During contract negotiations, contractors know that wages and benefits will always be front and center. But, what about other subjects, such as travel time, bargaining unit scope, converting from an 8(f) to a 9(a) relationship, etc.? Is the contractor required to bargain over these subjects or can they refuse to bargain over the topic?
The National Labor Relations Act (NLRA) divides the subjects of bargaining into three categories:
- Mandatory – both parties (management and labor) have a statutory obligation to bargain these subjects.
- Permissive– both parties may choose to (or refuse to) bargain these subjects.
- Illegal– both parties must refrain from bargaining these subjects.
Generally, the test for determining whether a bargaining subject is mandatory or permissive is whether the subject “vitally affects” the relations between the employer and its employees. Provided below is a summary of common examples of each.
Mandatory subjects of bargaining include:
- Rates of pay and wages (e.g., shift differentials, bonuses, pensions, health and welfare plans, meals and discounts, profit sharing, etc.)
- Hours of work (e.g., daily overtime, weekly overtime, etc.)
- Other terms and conditions of employment (e.g., seniority, plant rules, work assignments, health testing, drug testing, union security, no strike/no lockout language, non-discrimination, etc.).
Again, parties have a statutory obligation to bargain over mandatory subjects of bargaining. The NLRA does not require agreement, of course, but the contractor must engage in bargaining over mandatory subjects of bargaining.

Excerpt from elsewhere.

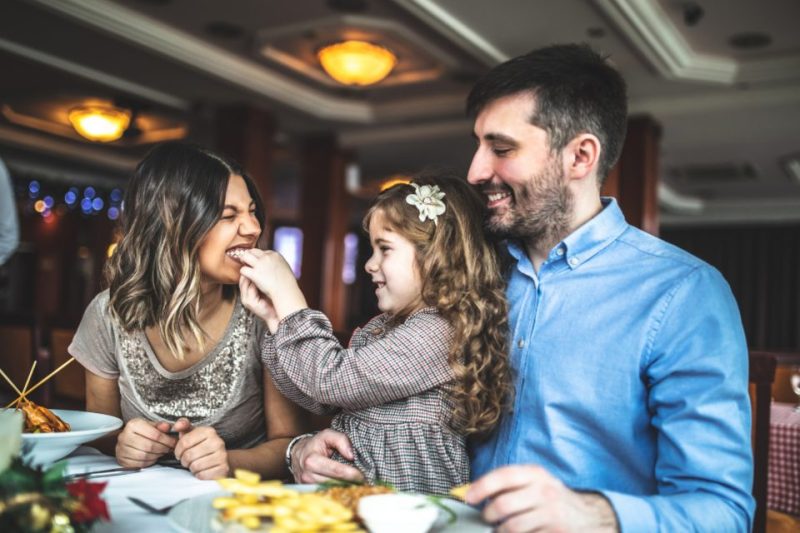 A mom, dad, and little girl happily eating at a family-friendly restaurant
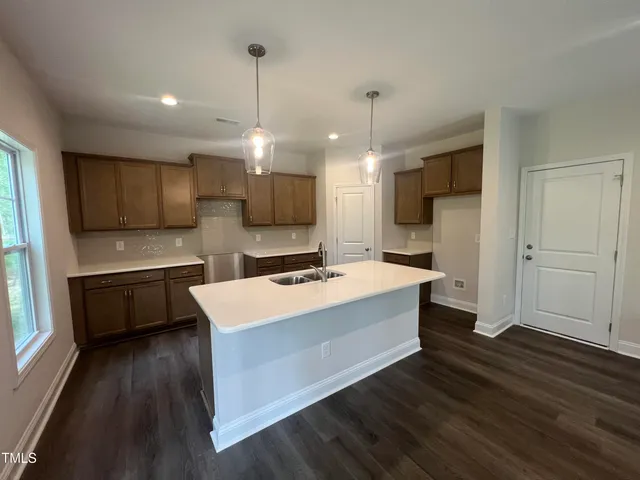 a kitchen with a sink a counter top space stainless steel appliances and cabinets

Permissive subjects are matters that the parties are free to bargain over, but have no obligation to do so. Permissive subjects of bargaining include the following:
- Definition of the bargaining unit
- Union recognition clauses converting a Section 8(f) relationship to a Section 9(a) relationship
- The inclusion of supervisors in the bargaining unit
- Internal union affairs
- Legal liability clauses (e.g., a provision fixing liability for violation of a no-strike clause)
- Industry promotion funds
- Interest arbitration (such as Article X, Section 8)
- Settlement of unfair labor practice charges
- Deductions for political action leagues
- Union label clauses
- Clauses prohibiting the arbitration of a dispute in the event the union has filed charges over the same issue with any state or federal agency
Illegal bargaining subjects include:
- Provisions for a closed shop
- A provision for a hiring hall giving preference to union members
- “Hot cargo” clauses in violation of Section 8(e) of the NLRA, such as subcontracting restrictions concerning non-jobsite work that require the subcontractor to be signatory to a labor agreement.
It is important to remember, though, that a “union standards subcontracting clause” does not violate Section 8(e). Thus, a clause requiring the employer to subcontract non-jobsite work only to employees that observe union-equivalent wages, hours and benefits would not violate Section 8(e).